Argentina’s navy said Thursday that it detected a sound consistent with an explosion near the location where one of its submarines disappeared last week with 44 crew members on board as the fate of the ARA San Juan remains unknown.
Navy spokesman Enrique Balbi said an "abnormal, singular, short, violent, non-nuclear event" had been detected in the south Atlantic where the sub vanished. He said there was no sign the explosion might be linked to an attack on the sub.
The sound was captured by the Comprehensive Nuclear-Test Ban Treaty Organization, a Vienna-based group, and shared with Argentine authorities.
The U.S. Navy and specialist agencies previously said a "hydro-acoustic anomaly" was detected just hours after the navy lost contact with the ARA San Juan on Nov. 15.
The report of the explosive noise is a worrying development.

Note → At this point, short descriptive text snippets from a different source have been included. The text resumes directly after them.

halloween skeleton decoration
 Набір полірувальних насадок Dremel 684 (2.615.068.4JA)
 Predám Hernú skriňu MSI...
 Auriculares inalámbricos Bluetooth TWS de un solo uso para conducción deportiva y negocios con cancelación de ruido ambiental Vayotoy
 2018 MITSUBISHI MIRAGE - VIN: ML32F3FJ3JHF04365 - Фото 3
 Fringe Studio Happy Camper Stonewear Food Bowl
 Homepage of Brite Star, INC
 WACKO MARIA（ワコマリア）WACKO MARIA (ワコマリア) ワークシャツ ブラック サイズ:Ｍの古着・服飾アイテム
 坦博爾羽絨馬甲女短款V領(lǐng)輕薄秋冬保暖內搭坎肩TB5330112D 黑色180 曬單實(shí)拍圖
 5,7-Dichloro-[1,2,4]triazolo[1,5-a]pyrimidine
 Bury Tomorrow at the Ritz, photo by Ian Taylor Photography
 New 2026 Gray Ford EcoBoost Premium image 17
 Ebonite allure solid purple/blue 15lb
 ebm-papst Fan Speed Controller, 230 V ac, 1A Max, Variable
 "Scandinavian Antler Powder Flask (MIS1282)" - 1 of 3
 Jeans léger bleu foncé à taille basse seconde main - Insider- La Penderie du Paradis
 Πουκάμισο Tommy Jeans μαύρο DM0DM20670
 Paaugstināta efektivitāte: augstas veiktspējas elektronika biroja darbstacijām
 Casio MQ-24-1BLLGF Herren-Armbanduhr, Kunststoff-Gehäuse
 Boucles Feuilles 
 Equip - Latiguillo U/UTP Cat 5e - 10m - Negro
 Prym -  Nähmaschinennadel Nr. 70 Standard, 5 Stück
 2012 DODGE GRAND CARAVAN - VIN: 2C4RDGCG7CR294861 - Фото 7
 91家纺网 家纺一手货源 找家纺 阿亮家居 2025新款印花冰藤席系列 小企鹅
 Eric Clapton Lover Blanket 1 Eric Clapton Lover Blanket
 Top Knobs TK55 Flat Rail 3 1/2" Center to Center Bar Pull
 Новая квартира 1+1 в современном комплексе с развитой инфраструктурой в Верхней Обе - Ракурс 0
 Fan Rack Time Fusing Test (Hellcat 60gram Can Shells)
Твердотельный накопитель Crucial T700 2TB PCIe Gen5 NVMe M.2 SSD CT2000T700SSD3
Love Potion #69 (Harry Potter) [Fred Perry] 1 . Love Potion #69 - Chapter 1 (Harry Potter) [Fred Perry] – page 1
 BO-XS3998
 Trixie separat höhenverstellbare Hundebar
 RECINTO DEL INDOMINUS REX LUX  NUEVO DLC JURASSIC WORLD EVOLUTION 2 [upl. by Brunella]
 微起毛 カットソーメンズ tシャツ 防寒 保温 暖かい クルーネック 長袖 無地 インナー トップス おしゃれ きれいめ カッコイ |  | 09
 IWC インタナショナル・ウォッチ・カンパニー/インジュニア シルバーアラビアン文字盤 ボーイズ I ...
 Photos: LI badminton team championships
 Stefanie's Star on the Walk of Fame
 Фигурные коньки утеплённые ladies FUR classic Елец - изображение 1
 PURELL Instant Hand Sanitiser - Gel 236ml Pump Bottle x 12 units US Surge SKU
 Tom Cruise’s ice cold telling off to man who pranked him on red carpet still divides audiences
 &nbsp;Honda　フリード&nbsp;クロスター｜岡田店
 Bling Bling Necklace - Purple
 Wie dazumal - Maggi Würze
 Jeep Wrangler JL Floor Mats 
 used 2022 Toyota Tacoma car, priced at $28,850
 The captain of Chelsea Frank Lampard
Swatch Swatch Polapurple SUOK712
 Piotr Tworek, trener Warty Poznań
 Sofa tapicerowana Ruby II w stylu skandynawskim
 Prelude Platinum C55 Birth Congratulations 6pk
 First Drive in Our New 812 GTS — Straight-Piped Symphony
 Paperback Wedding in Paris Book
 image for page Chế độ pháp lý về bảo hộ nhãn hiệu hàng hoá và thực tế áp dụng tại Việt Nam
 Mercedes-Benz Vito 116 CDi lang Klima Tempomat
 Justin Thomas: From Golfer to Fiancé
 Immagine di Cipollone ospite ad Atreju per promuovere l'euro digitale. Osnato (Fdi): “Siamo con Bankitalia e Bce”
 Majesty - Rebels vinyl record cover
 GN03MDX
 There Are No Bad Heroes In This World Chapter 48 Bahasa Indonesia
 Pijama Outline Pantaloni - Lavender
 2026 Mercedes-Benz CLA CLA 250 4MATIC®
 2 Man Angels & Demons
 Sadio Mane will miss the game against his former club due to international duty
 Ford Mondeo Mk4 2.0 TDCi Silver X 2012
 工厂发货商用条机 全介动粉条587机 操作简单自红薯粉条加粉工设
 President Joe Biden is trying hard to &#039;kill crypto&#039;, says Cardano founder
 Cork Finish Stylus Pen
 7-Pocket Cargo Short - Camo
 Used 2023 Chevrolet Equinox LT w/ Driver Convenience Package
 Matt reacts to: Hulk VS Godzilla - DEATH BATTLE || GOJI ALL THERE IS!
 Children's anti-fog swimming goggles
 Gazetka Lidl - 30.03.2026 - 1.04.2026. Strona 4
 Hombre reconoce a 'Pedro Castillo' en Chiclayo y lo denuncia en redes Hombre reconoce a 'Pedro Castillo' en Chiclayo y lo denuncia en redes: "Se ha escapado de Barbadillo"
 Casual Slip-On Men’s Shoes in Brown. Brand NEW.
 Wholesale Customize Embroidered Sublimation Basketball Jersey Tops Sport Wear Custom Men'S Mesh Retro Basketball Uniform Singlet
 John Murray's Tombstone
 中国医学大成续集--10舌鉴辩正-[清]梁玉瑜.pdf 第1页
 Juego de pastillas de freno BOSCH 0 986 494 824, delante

Experts say even if the ARA San Juan is intact, its crew might have only enough oxygen to last seven to 10 days. The German-built diesel-electric sub went missing as it sailed from the extreme southern port of Ushuaia to the city of Mar del Plata, about 250 miles southeast of Buenos Aires.
Ships and planes from an international search-and-rescue mission, including the U.S., British and Russian navies, returned late Wednesday to the search area to check on the noise that experts said could provide a clue to the vessel’s location.
Search teams are combing an area of about 480,000 square kilometers, roughly the size of Spain. The U.S. government sent two P-8 Poseidons, a naval research ship, a submarine rescue chamber and sonar-equipped underwater vehicles.
An object detected by a U.S. Navy plane near where the submarine went missing turned out not to be the vessel, a U.S. embassy spokeswoman told Reuters on Thursday.